The song “Scream” illuminates a major moment in “High School Musical 3,” one in which Zac Efron’s Troy faces a big question: Should he pursue a musical theater life that may paint him as an outcast or one as a basketball player that could forever pigeonhole him as a jock?

Four years have passed since that movie was in theaters, but Efron still faces a somewhat similar dilemma in his own career. After becoming famous by romancing Vanessa Hudgens in those chipper Disney movies, should he focus on star turns in chick-flicky, mainstream roles (see: “The Lucky One”), or prove that he can hold his own in grittier fare, such as “The Paperboy”? Or, to put it another way: Has Efron reached a level as an actor where the public is willing to accept him when he does his “own thing”?

The short answer is perhaps not yet, though he’s definitely trying to get to that point, and has been since his appearance in Richard Linklater’s “Me and Orson Welles.”

“It was definitely a step forward, in my opinion, and a risk, and something that I wasn’t even expecting of myself at the time, so I knew no one else would be,” Efron said in a 2009 interview with The Washington Post’s Jen Chaney while promoting the Linklater-directed indie that gave the pretty boy his first opportunity to tackle adult drama.

As that comment implies, Efron is keenly aware of his “High School Musical” problem and has become even more willing to discuss it candidly as time passes.

Efron at the Teen Choice Awards in 2012. (Mario Anzuoni/REUTERS)

In a sit-down last month with BlackBook magazine, Efron bluntly said: “As a man watching Zac Efron, I don’t necessarily like me yet.
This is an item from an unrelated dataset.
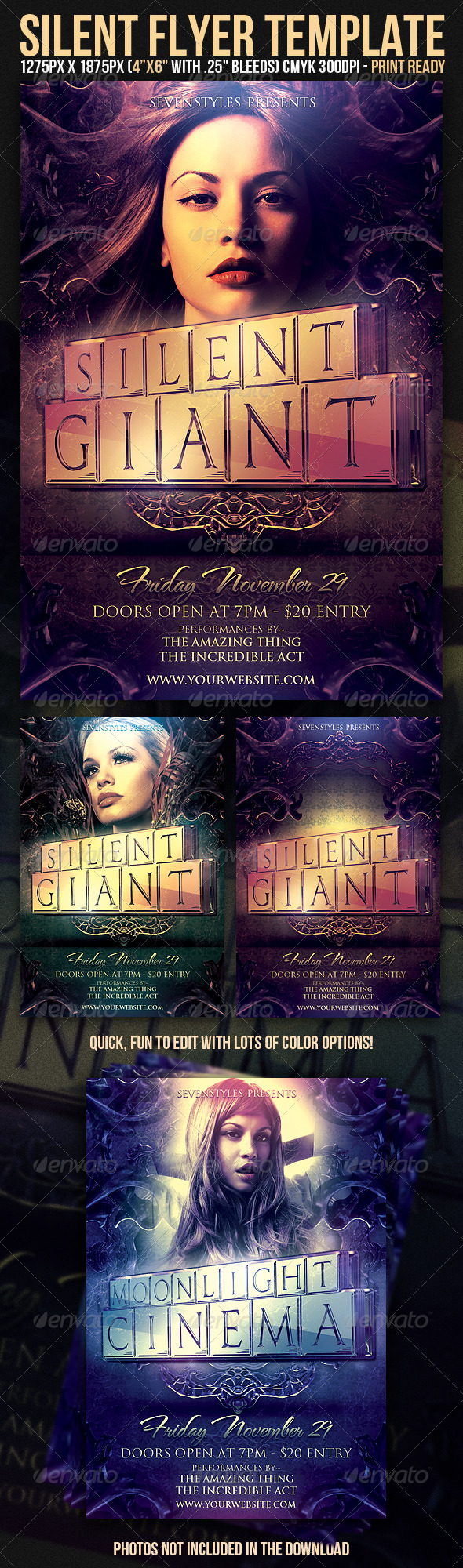 GraphicRiver Silent Flyer Template 233803 GraphicRiver Silent Flyer Template 233803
So how can I like Zac Efron? ... Maybe, if that guy shook things up, did what I didn’t expect him to do, if he wasn’t afraid to be a [expletive], if he wasn’t afraid to fall on his face, if he hung around long enough and did the grunt work, one day I might respect him.”
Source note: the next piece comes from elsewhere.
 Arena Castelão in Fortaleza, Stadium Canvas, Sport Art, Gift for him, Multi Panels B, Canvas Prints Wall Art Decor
Give the guy points for self-awareness and humility, something a certain Shia LaBeouf — who also has had to navigate the road from Disney kid to fearless actor — would be wise to note.
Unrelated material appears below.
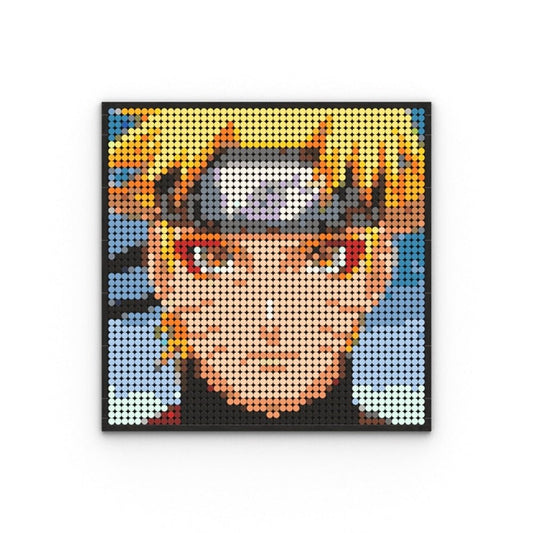 Demon Slayer Pixel Art, Building Blocks Bricks, Decoration Paintings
Of course, candor in interviews doesn’t make someone a good actor. For moviegoers to buy Efron in more challenging material, he has to prove he’s capable of being bought. And he’s started to do that.

Efron’s movies have typically not won rave reviews. (“New Year’s Eve,” as one example, boasts a flaccid 7 percent positive rating on Rotten Tomatoes.) But critics often point out that it’s the material, and not the blue-eyed star, that’s the problem.

Vulture noted that despite “New Year’s Eve” ’s cliches and overall predictability, “Efron was the liveliest . . . he’s been onscreen in years” and marked his and Michelle Pfeiffer’s vignette as the best in the film.

Reviews for “Charlie St. Cloud,” panned for its brooding script and overemotional narrative, also indicated that Efron’s acting has outshined his projects. A New York Daily News critic said, “Somehow, Efron rises above the sentimentality, creating an undeniably likable portrayal of a young man in turmoil. Those who haven’t seen him since he graduated from ‘High School Musical’ may not believe it, but this former tween idol is the saving grace in a movie that needs all the miracles it can muster.”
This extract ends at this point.